We work with other community organisations and with local and state government to support minimisation of plastic use, encourage reuse and recycling, and remove plastic waste from waterways. We strongly support legislation to ban single use plastics in NSW and beyond.
Through our involvement in Ramsar, we are part of initiatives across the international wetlands network to reduce plastic pollution of wetlands.
In 2023/24 the NSW Government released discussion papers with suggestions for rapidly reducing plastic load to the natural environment. The aim was to reduce plastic litter by 30% by 2025 and 60% by 2030. It’s clear from the actions that plastic permeates every aspect of our lives – so there are many opportunities to avoid unnecessary plastic use and substitute other less harmful materials. These are just some of the small changes you can make that will have a big impact:
•Carry a water bottle and a reusable coffee cup with you.
•Create a picnic kit with reusable storage, plates, and cups.
•Be very careful about litter when you are out and about.
•Take your waste home with you and dispose of properly.
•Remember an overflowing bin is the same as dropping waste in the gutter, or onto the shoreline.
•Bring your own shopping bags with you and choose either cloth bags or bags containing a very high recycled plastic content.
•Purchase meat, fruit and vegetables, and other foods loose – not sealed in hard and soft plastic trays.

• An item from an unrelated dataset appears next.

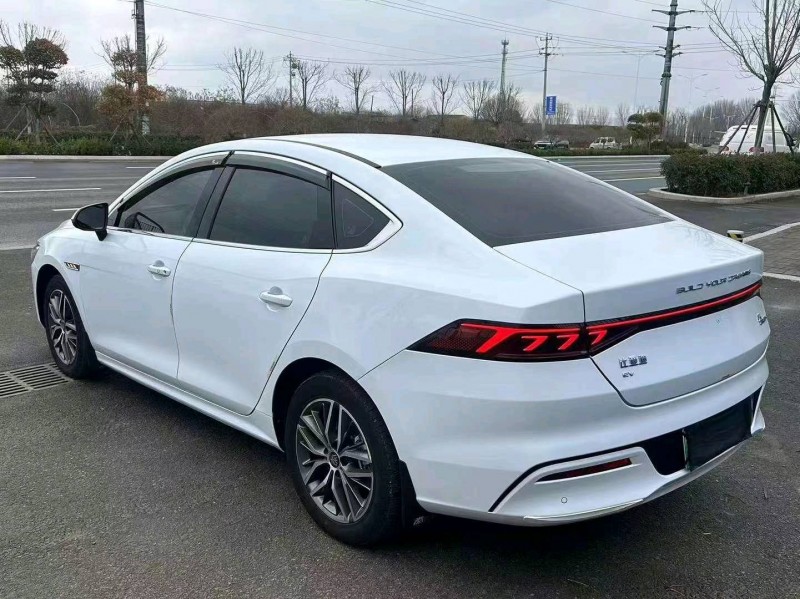 枣庄22年比亚迪秦4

•If you are buying new appliances, find out if the store will take back the packaging for recycling – it can include soft plastics, hard plastics, polystyrene, cardboard, and timber.
•Advocate for the use of plastics that are free of harmful chemicals, and for manufacturing processes that enable ‘circular economy’ reuse and recycling of plastic embedded in products.

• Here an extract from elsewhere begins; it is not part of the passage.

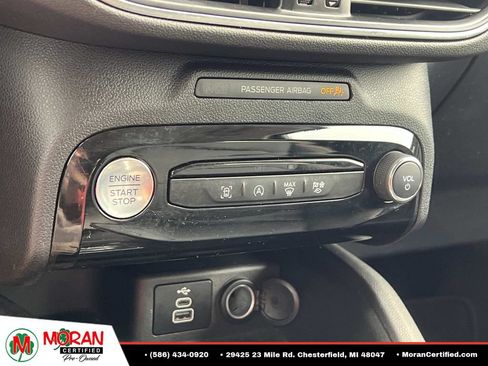 Used 2025 Ford Escape Platinum AWD/4WD image 22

Based on the data available, PCT 2020 identified four major primary sources of microplastics entering the oceans. These were dust from vehicle tyres, pellets from plastic production, personal hygiene products and textiles. These are separate from and additional to any load coming from the breakdown of other plastic materials in the environment. While government regulation clearly has a role in reducing pollution loads from these sources, they are all sources over which individual citizens have some control. We can:
•Drive fewer kilometres on the road and use tyres with reduced abrasion risk.
•Stop using personal hygiene products containing microplastics (many of these products are now banned).
•Reduce purchase of clothing and other household items made of synthetic fabrics.
•Buy a washing machine that can filter out microplastic fibres.
•Reduce use of plastic products wherever there is a viable alternative, reducing production.
•Avoid use of single use plastics and find alternatives wherever possible.
•Lobby governments and businesses to take action on regulation, investment in technology, advocating for the health of wetlands and the marine environment.
•And, of course, in addition to avoiding plastic use, we can all reuse, recycle and dispose of plastics in ways that reduce the load of degraded (but still very long lasting) plastic fragments to waterways.